### [Excerpted data]
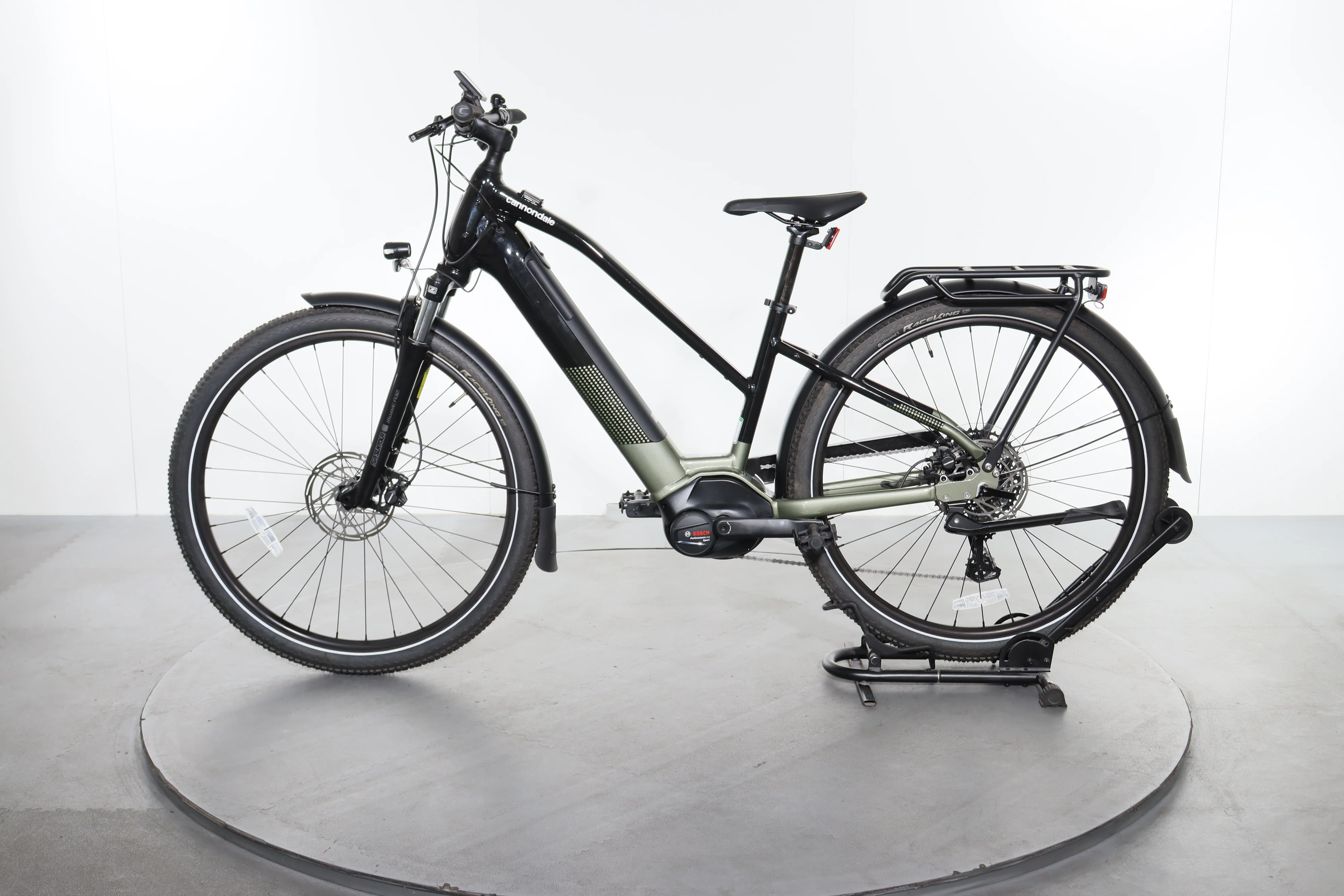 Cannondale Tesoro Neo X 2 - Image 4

* * *

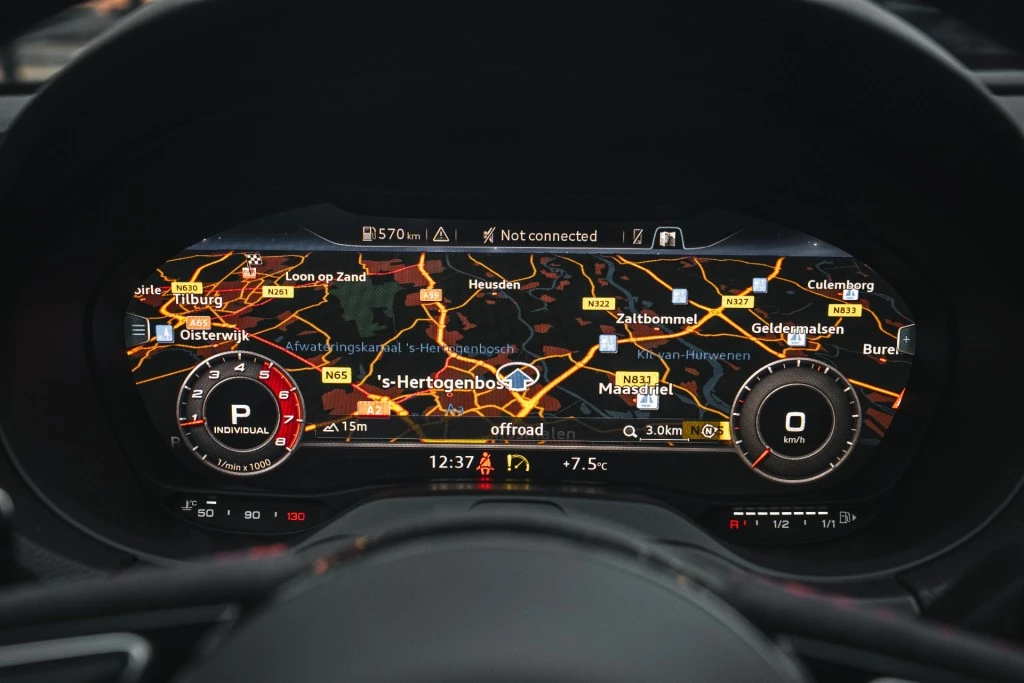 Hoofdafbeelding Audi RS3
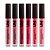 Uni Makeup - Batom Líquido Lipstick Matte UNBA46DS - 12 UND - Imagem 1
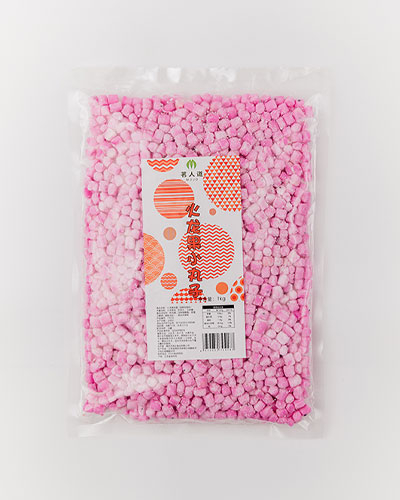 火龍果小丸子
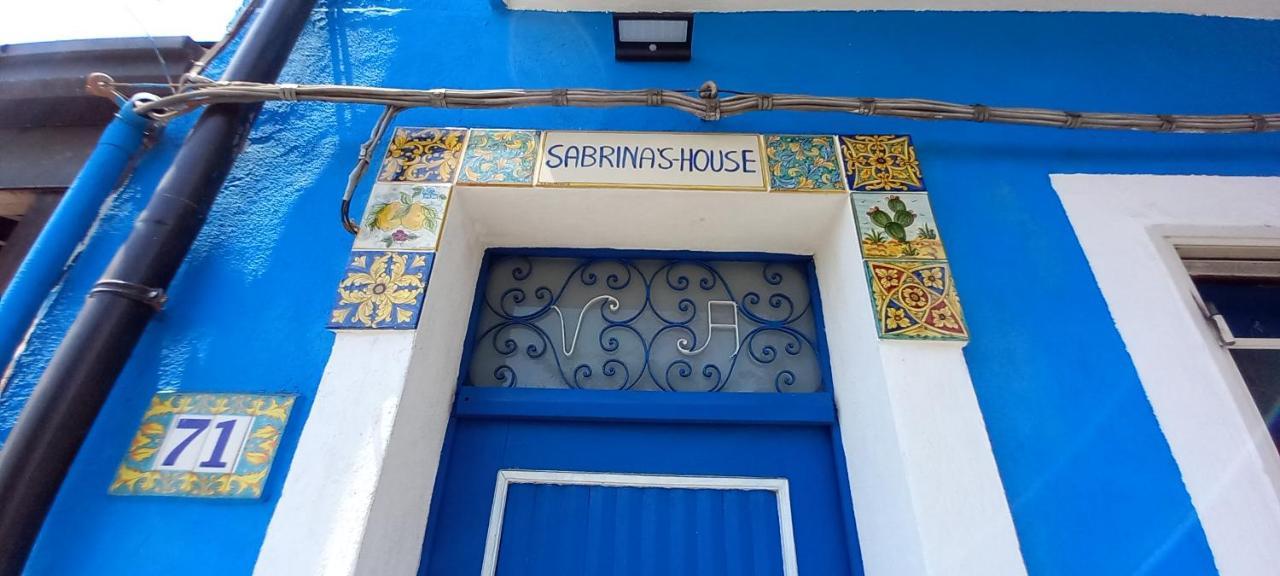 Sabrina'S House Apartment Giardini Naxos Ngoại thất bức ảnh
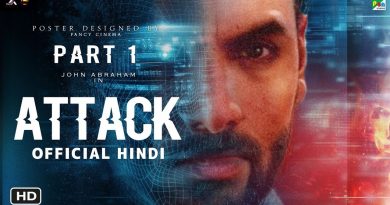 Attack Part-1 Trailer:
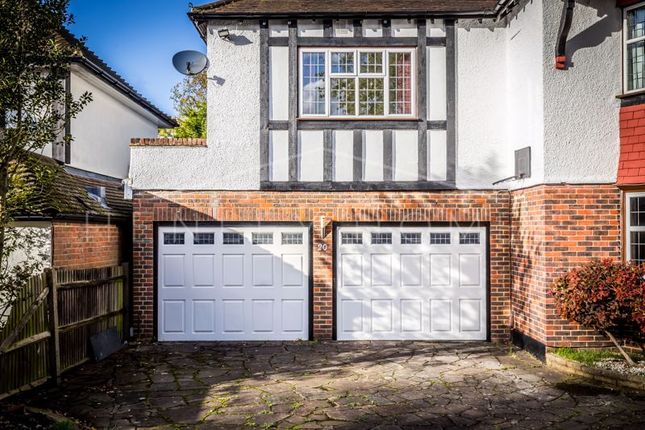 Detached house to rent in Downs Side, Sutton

### [Required action]
Look above for the line with "Sabrina'S House Apartment" and the line with "Detached house to rent in Downs Side, Sutton". Output those two and everything between them exactly, pictures excluded.

### [Answer to the exercise]
 Sabrina'S House Apartment Giardini Naxos Ngoại thất bức ảnh
 Attack Part-1 Trailer:
 Detached house to rent in Downs Side, Sutton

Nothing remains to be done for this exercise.